There are so many alternative names for bouldering pads, all fantastic. Sketch pad, crash pad, elk saddle, backcountry massage mattress, volcano cork, marmot holster, rock toboggan, tree band aid. Surely, you’ve rejoindered some wheezing tourist with your own variation after being asked:
“Say, now, what’s that there on yer back?”
“It’s a parachute! See ya on the way down!”
“Now, I don’t mean to be stupid, but ain’t those pretty big packs?”
“That’s not stupid, and these aren’t packs. We’re in an all-male university massage club and we prefer to practice in the mountains, up there in those boulders. Well, behind those boulders. On these pads. See ya later!”
“Ya’ll camping out over night?”
“Oh, ho ho. No, not at all. You see, there’s been a gang of bears sharpening their claws on trees up and down the gully and we’re headed up to place these band aids over the trees’ wounds. Be careful for that crew. Make a lot of noise; you don’t want any nasty surprises, do you? They seem really intent on sharpening those claws, and that can mean only one thing… Cheers!”
Crash pads are – or, at least used to be – an uncommon sight in South Korea. Climbers on the peninsula used to spend a lot more time in the gym or at the crags, but with the last decade’s FA explosion, bouldering areas have sprung up from Seoul to Busan, Sokch’o to Mopk’o. Those big black squares bobbing from shabbily dressed foreigners elicit at the very least a couple comments on every hike in or out.
I’m not brave enough to pepper hikers with the aforementioned nonsense, but the same can’t be said for my friend Wallach. One Sunday afternoon just outside of Seoul, while I was still on the peninsula, a group of expatriate climbers had met up at the Riverbeds (RBs) in Bukhansan National Park to crush the snot out of some problems. Wallach, a tall, strong, funny Californian on his first tour of South Korean teaching, met us amongst the boulders, many of which cut the river’s current. We crushed snot, chatted, took pictures, chilled out on the stone steps of the local monastery, drank cooling coffee and ate fresh kimbap.
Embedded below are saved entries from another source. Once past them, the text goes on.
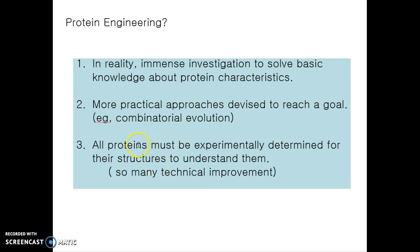We must also determine all proteins experimentally to better understand their functions and roles in life. Technically, this field has also dramatically improved.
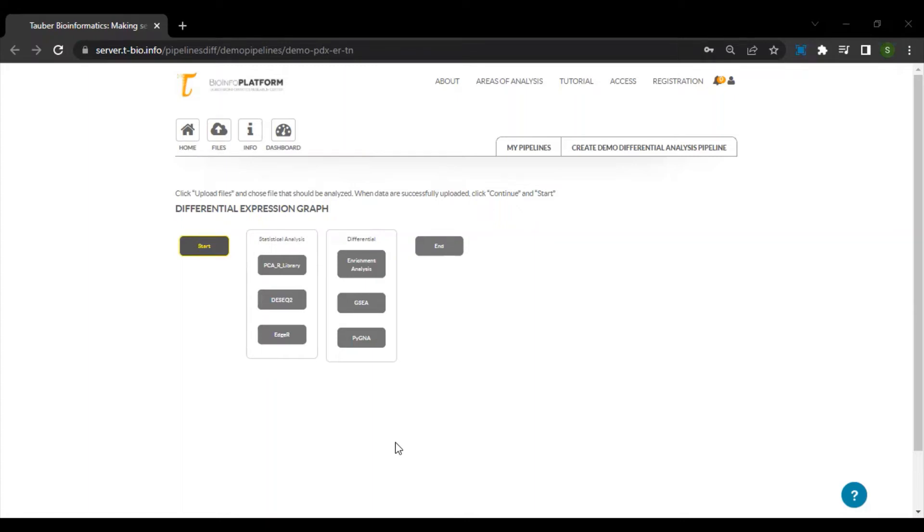In the previous lessons, we discussed how one can perform differentially expressed gene analysis at the end of a standard RNA-seq pipeline. In this video, we will learn how you can perform differential gene expression analysis separately.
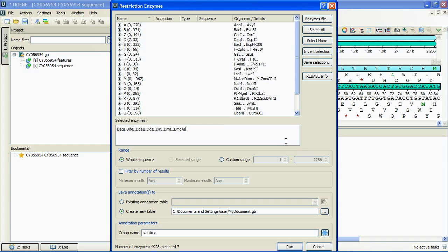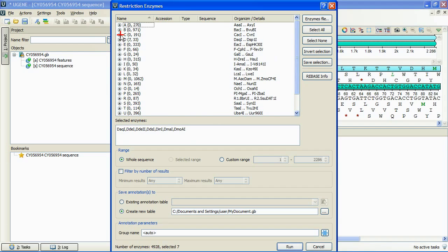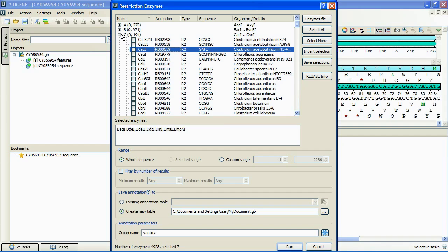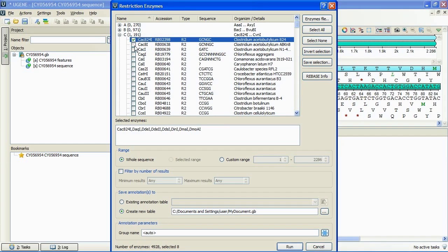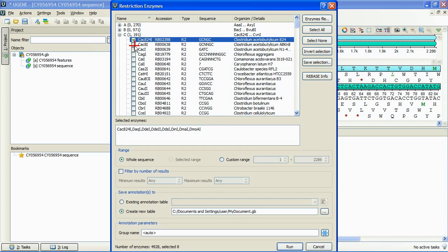The opened enzymes are represented at this table. Here we can unfold an enzyme group, see the detailed information of the enzymes, and select the enzymes to search for by checking their checkboxes.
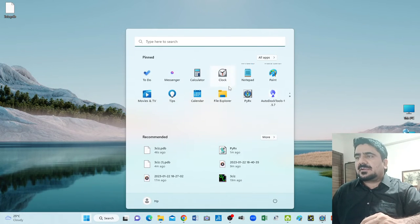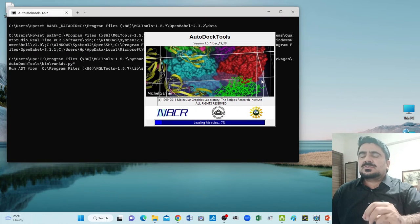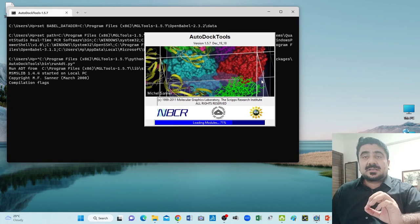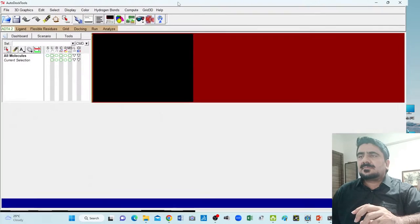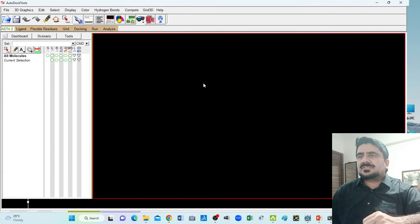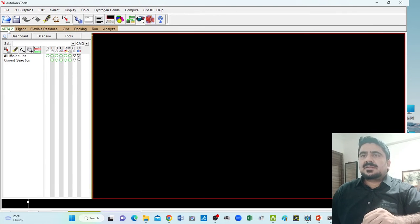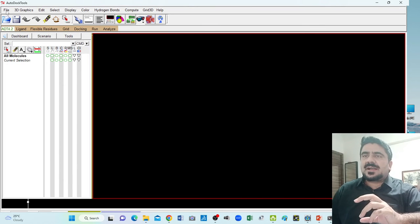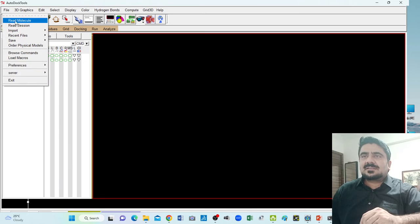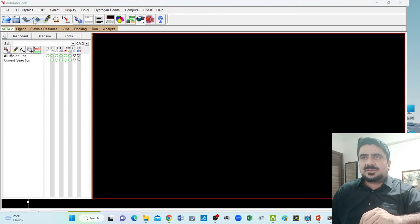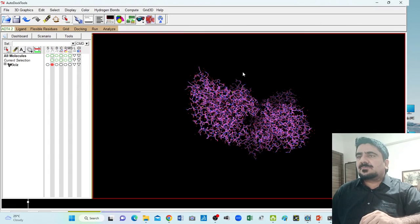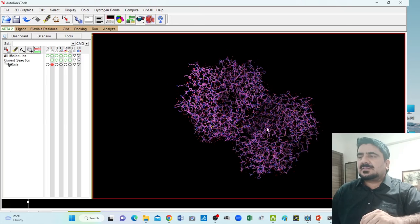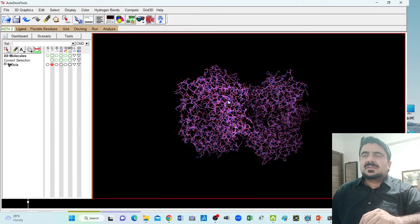Now we will open another software called AutoDock Tools. AutoDock Tools is used to change the PDB file of a specific protein into PDBQT. This is also free software, and you can do protein docking with it — in next lectures I will make videos on protein docking. But now we are just using this software to change the PDB file into a PDBQT file. Go to File, Read Molecule, click Read Molecule, move to the desktop. Here is our PDB file 3CIZ — click Select and Open. It will pop up on the AutoDock Tools window.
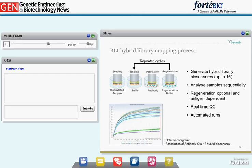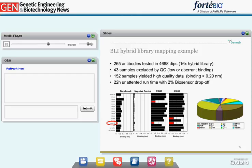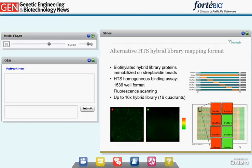A typical sensorgram of a 16-construct hybrid library shows two binding curves — one showing no or reduced binding to the full-length shuffled species protein, and one of the shuffle constructs. In a hybrid mapping case study, we analyzed a panel of 265 antibodies by a 16-construct hybrid library in 4,688 dips. Results for 43 antibodies were rejected as not passing quality criteria. This analysis took 22 hours of unattended runtime. In this case, 12 independent binding groups or bins were obtained.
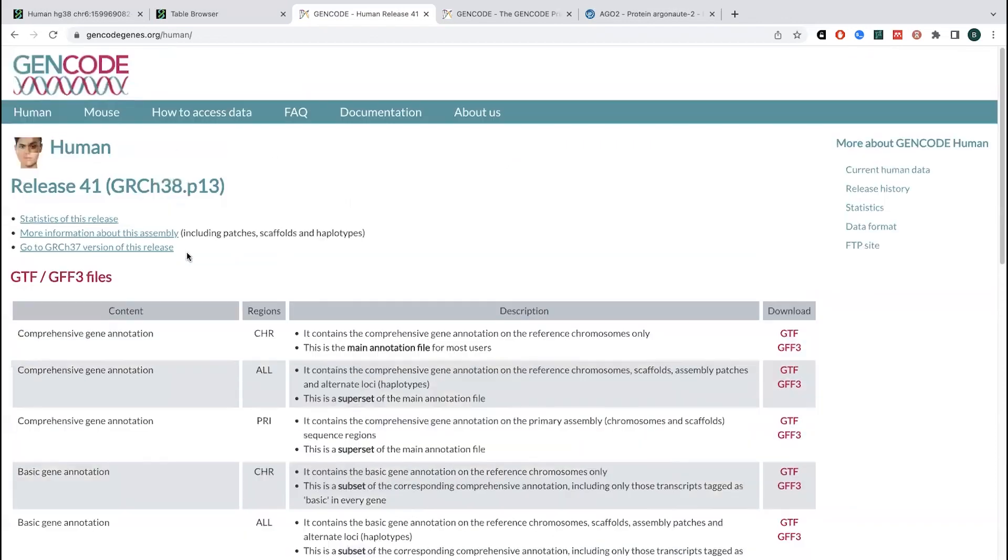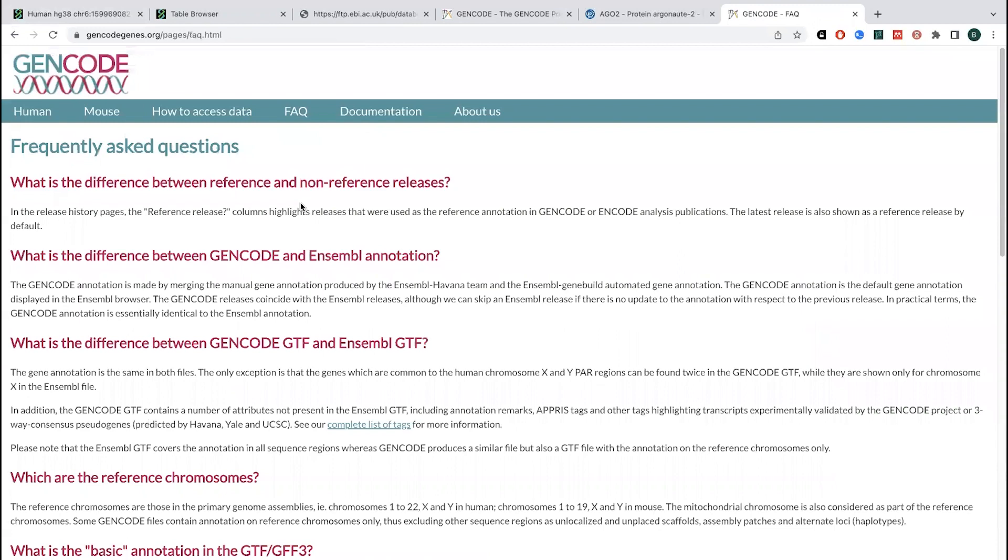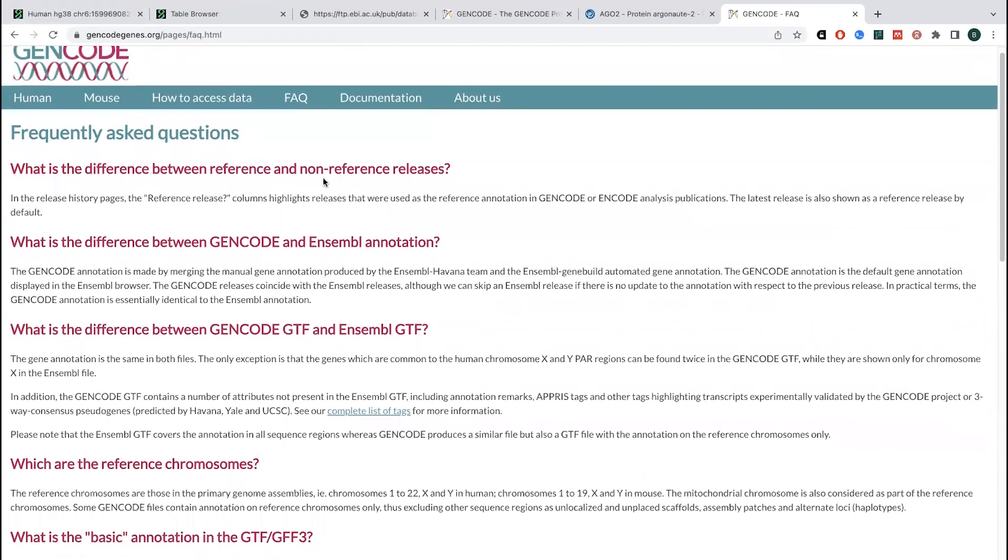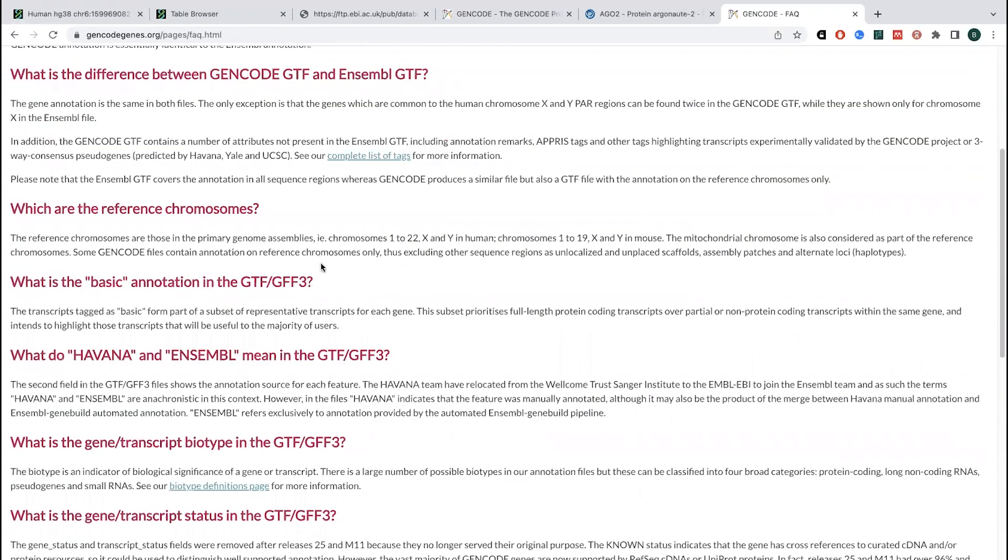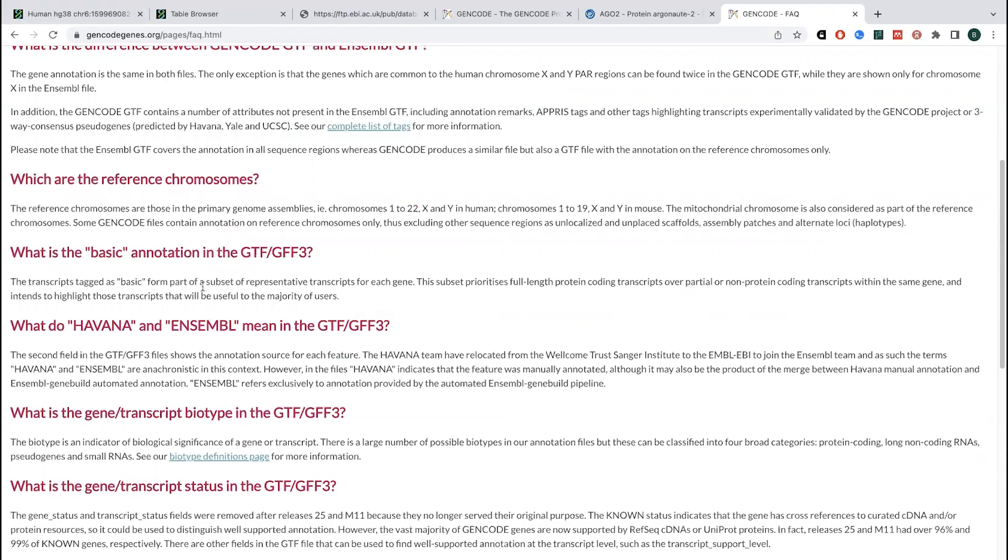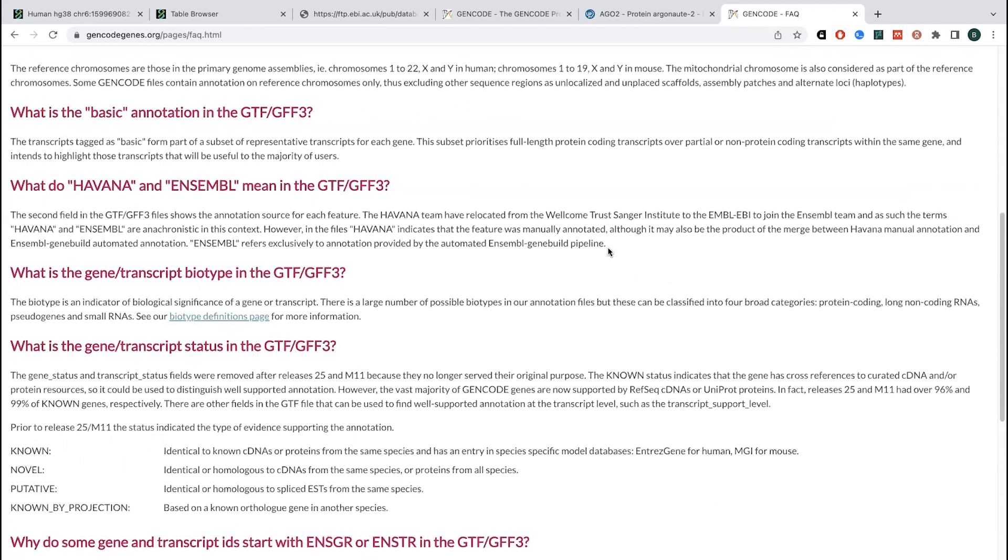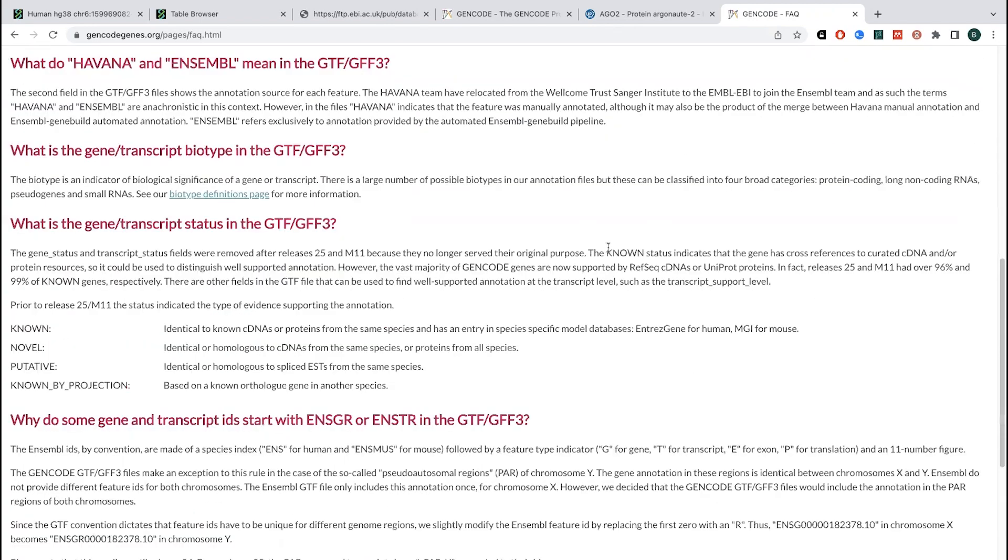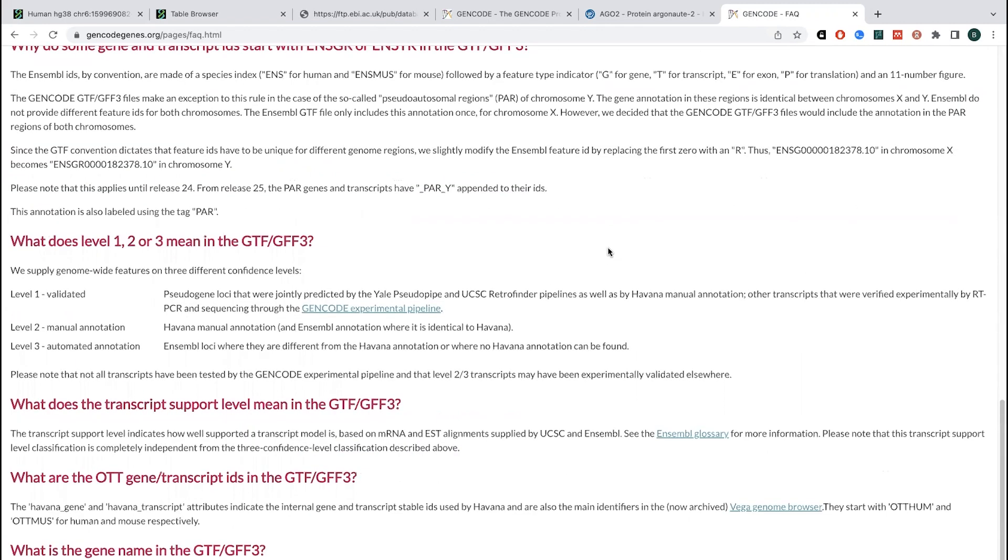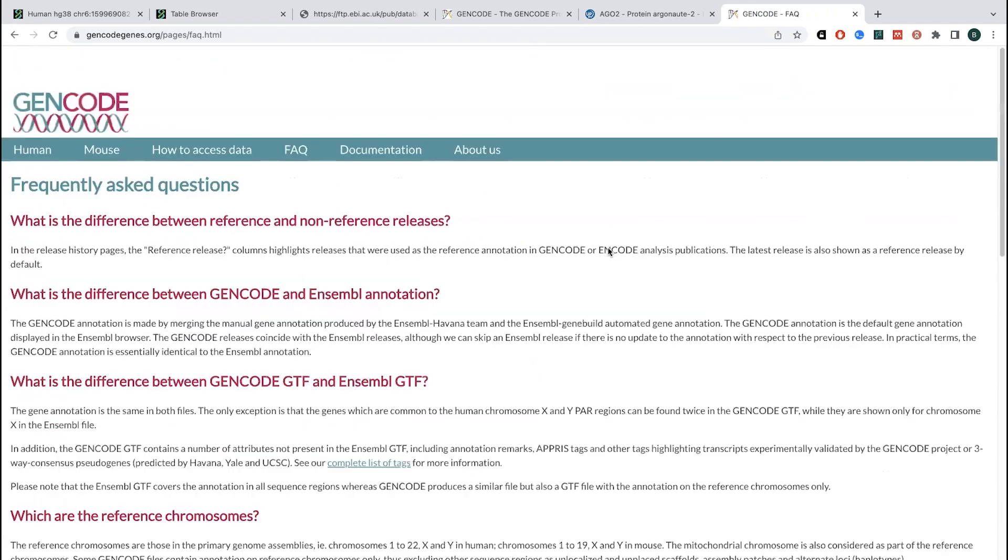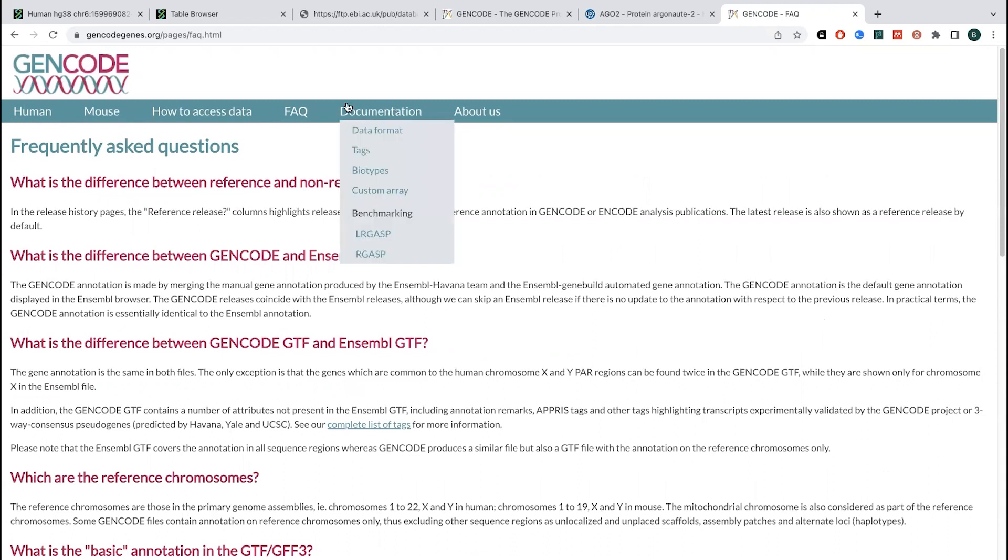And if you want more information about them, so if you go to the FAQ, you can see some of the differences between various things. So basically it's telling you that the basic transcripts are a subset of all of the representative transcripts, prioritizing full-length protein coding transcripts over partial or non-protein coding transcripts. And so that will be what you get for the basic versus the comprehensive where it'll have a lot more things.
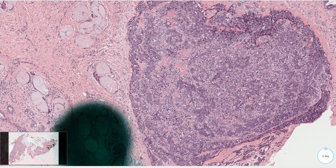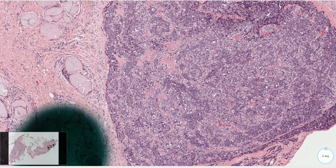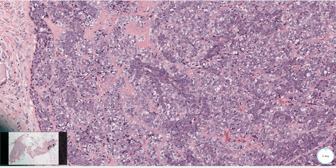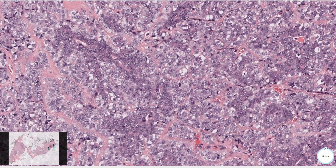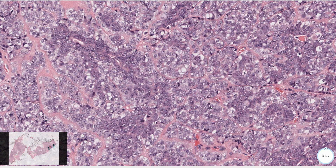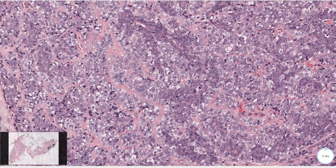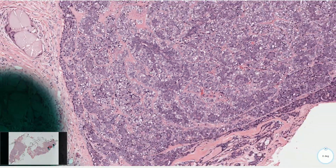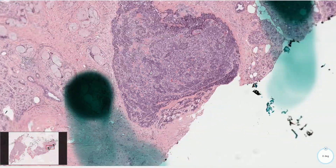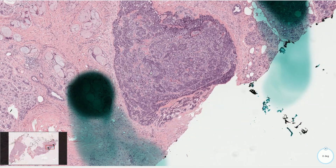Zooming in, we can still appreciate the darker epithelial cells and the lighter myoepithelial cells, but the nuclei are bigger, they have prominent nucleoli, and there are numerous mitotic figures — four mitotic figures visible in this field. This represents a malignant component within an otherwise benign adenomyoepithelioma.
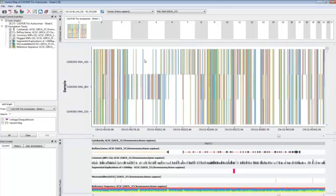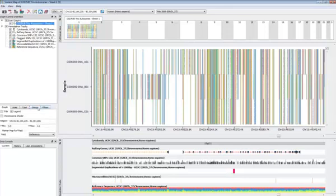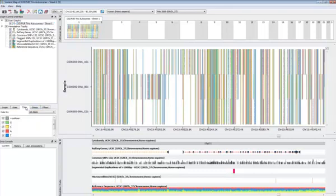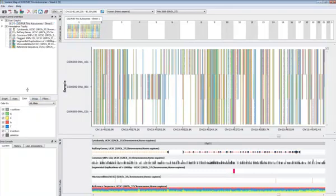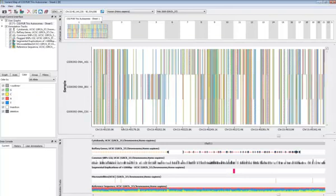We can see that any area that is white indicates a position where the sequence matches the human reference genome. Anything that is colored indicates a departure from the reference. So if I go over here, I can see a key that tells me that any place I see green means that there is a G base observed as opposed to the reference. I can zoom in a little bit closer and find out more about it.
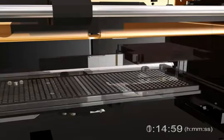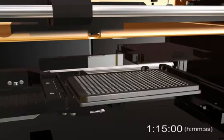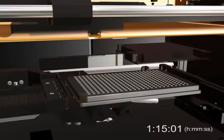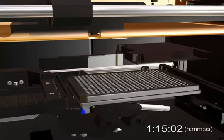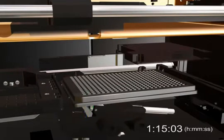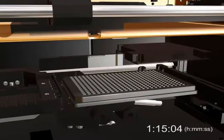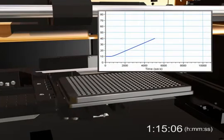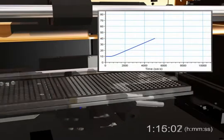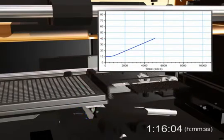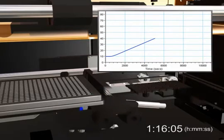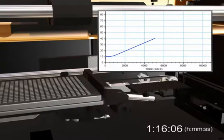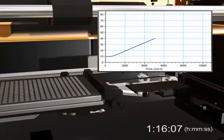The kinetic assay featured here uses fluorescence and is read from the bottom. But on the FlexStation system, kinetic reads can be performed using any detection mode. Plates can be read from the top or bottom, depending on your application.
On the walk out of the RBs we met up with some super freak expats, a couple “southern girls from Tennessee,” as they later admitted. Obviously aching for us to turn around, they chattered at squeaky, twangy decibels. Our crash pads, as always, took center stage.
Number One: That’s for rock climbing, for bouldering, so when they fall they don’t land on the ground. They put it below their rock climb and that’s where they land.
Number Two: That’s crazy. That’s all that helps them land?
Number One: That’s all they use because they’re bouldering and they don’t have any ropes. They just climb without ropes…I’m not like 100 percent sure or anything, but I think that’s all they use.
Number Two: Wow…
Number One: But, I’m not sure. If that is all they use, though, that is totally crazy.
Just two steps behind us, their voices rising higher and higher, yearning for a glance, an acknowledgment, a chat. An engagement.
“You guys got it,” I said, looking over my Asian Mad Rock. “They’re climbing pads.”
“That’s crazy,” Number One said.
“So I’ve heard,” I answered, tapping a finger to my ear.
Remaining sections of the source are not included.